Trace—Formations of Likeness: Photography and Video from The Walther Collection is in its final weeks on view at Haus der Kunst in Munich, Germany.
Trace encompasses a multitude of works from three centuries and brings together a diverse constituency of artists from Europe, Africa, Asia, Latin and North America, as well as archival, documentary and vernacular photography. The core focus of this major survey exhibition is portrait photography — of people, objects, and places — and the tracing of societal transformation across geographic spaces and contrasting socio-political and cultural landscapes.
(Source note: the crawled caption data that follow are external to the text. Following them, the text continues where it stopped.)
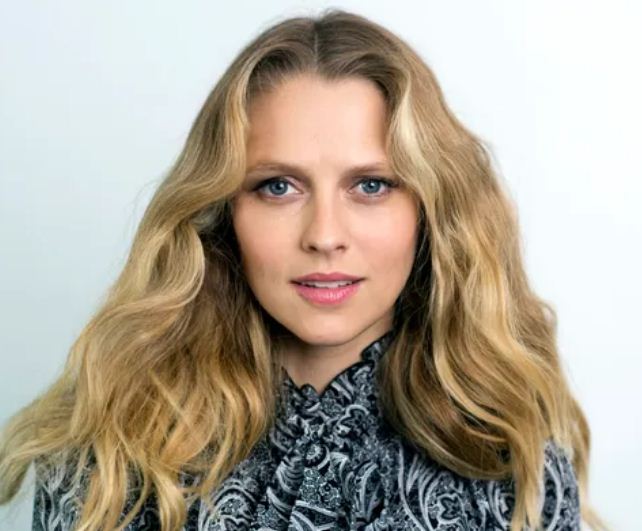 Teresa Palmer - Name, age, height, hometown, famous movies, current relationship, awards.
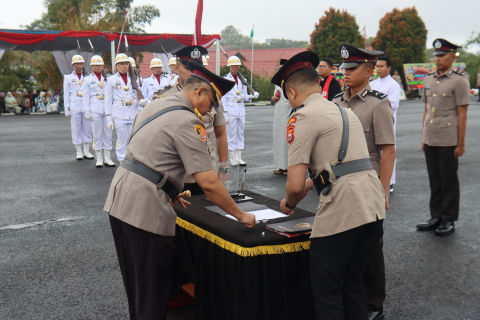 Kapolda Bengkulu Lantik 219 Bintara Baru Di SPN Polda Bengkulu 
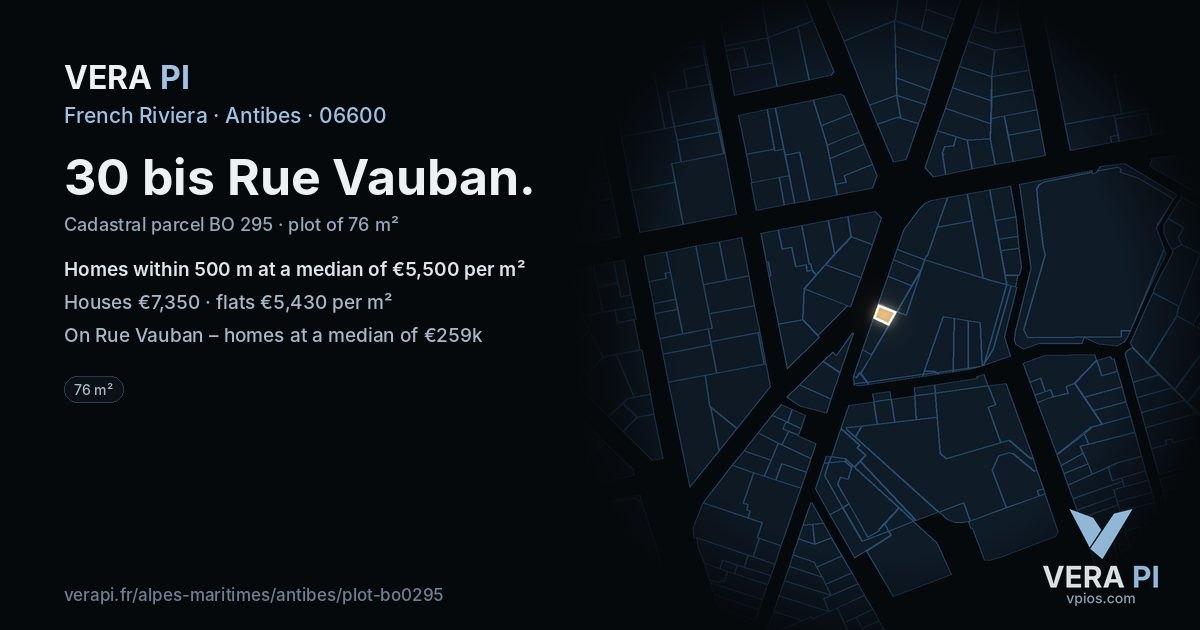 30 bis Rue Vauban, Antibes at night – the plot lit, the parcels around coloured by the prices near them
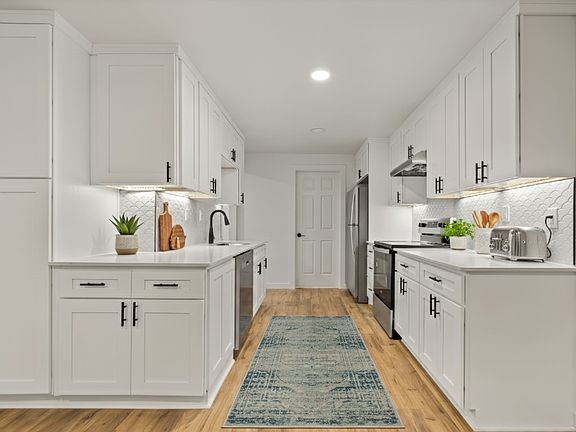 4th image of 4418 Rosedale St NW #121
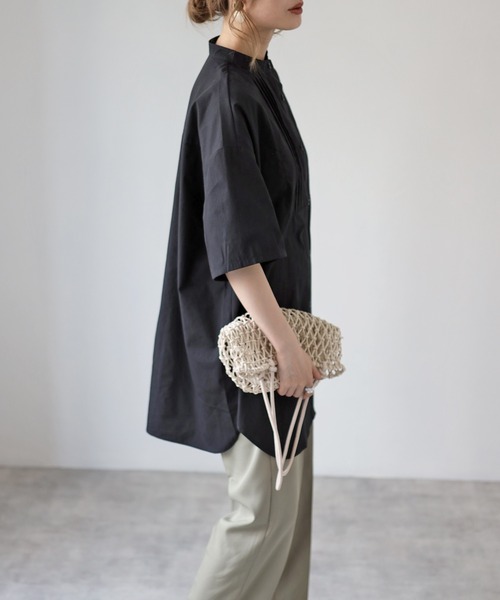 4youstory（フォーユーストーリー）の「ピンタックスタンドカラーブラウス（シャツ/ブラウス・レディース・ブラック/オフホワイト/ライム/ブルー/ライトベージュ・MEDIUM）」の14枚目の写真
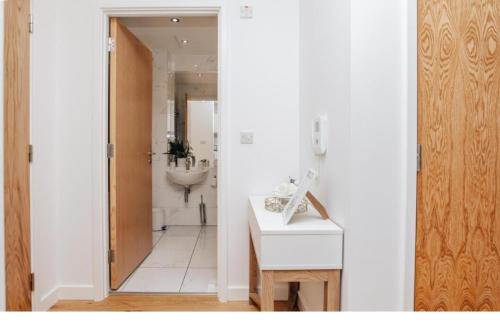 a bathroom with a sink and a toilet and a mirror at New Deluxe Birmingham City Centre Apartment 3 Bed in Birmingham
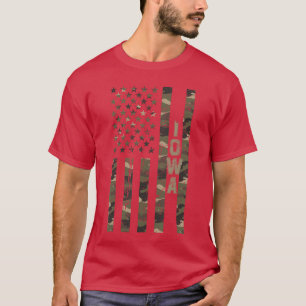Iowa United States Distressed Camo w US Flag boy T-Shirt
The photographic portrait is deployed as a means to shape identity, to advocate for social change and as a subversive strategy for visibility, often through an intimate investigation of politics of memory, history, and embodiment.
 
The substantial breadth and dialogical scope of the exhibition offers a global and transnational context to reflect on the divergent trajectories of historical and contemporary photo­graphy and moving image art today. Collectively, the works on display showcase the medium’s capacity as both an instrument for empower­ment, documentation, and formation of the self, as well as its complex applications as a tool for control and subjugation.
 
Trace brings together artistic practices that are focused on the making of images and provides an opportunity for audiences to consider not only the parallel histories of the medium, but its materiality, taxonomy, and the ways in which serial structures are revealed and drawn into question.
 
With works by Ai Weiwei, Jane Alexander, Dieter Appelt, Richard Avedon, Martina Bacigalupo, Sammy Baloji, Yto Barrada, Bernd & Hilla Becher, Bruce Bellas, Jodi Bieber, Karl Blossfeldt, Candice Breitz, Cang Xin, Edson Chagas, Kudzanai Chiurai, Mitch Epstein, Em’kal Eyongakpa, Rotimi Fani-Kayode, Samuel Fosso, David Goldblatt, A.M. Duggan-Cronin, Kay Hassan, Hong Hao, Huang Yan, Pieter Hugo, Délio Jasse, Seydou Keïta, Lebohang Kganye, Shohachi Kimura, Sze Tsung Nicolás Leong, Lin Tianmiao, Lu Yang, Luo Yongjin, Ma Liuming, Mike Mandel, Christine Meisner, Bob Mizer, Sabelo Mlangeni, Santu Mofokeng, S.J. Moodley, Zanele Muholi, Eadweard Muybridge, Grace Ndiritu, J.D. ‘Okhai Ojeikere, Adolfo Patiño, Dawit L. Petros, Jo Ractliffe, RongRong, Thomas Ruff, Edward Ruscha, August Sander, Zina Saro-Wiwa, Berni Searle, Sheng Qi, Accra Shepp, Yinka Shonibare, Malick Sidibé, Aida Silvestri, Penny Siopis, Song Dong, Yoshikazu Suzuki, Munemasa Takahashi, Michael Tsegaye, Guy Tillim, Hentie van der Merwe, Sue Williamson, Yang Fudong, Zhang Huan, Xu Yong, Kohei Yoshiyuki, and others, as well as anonymous artists and unknown photographers.
 
Curated by Anna Schneider with Hanns Lennart Wiesner, Haus der Kunst.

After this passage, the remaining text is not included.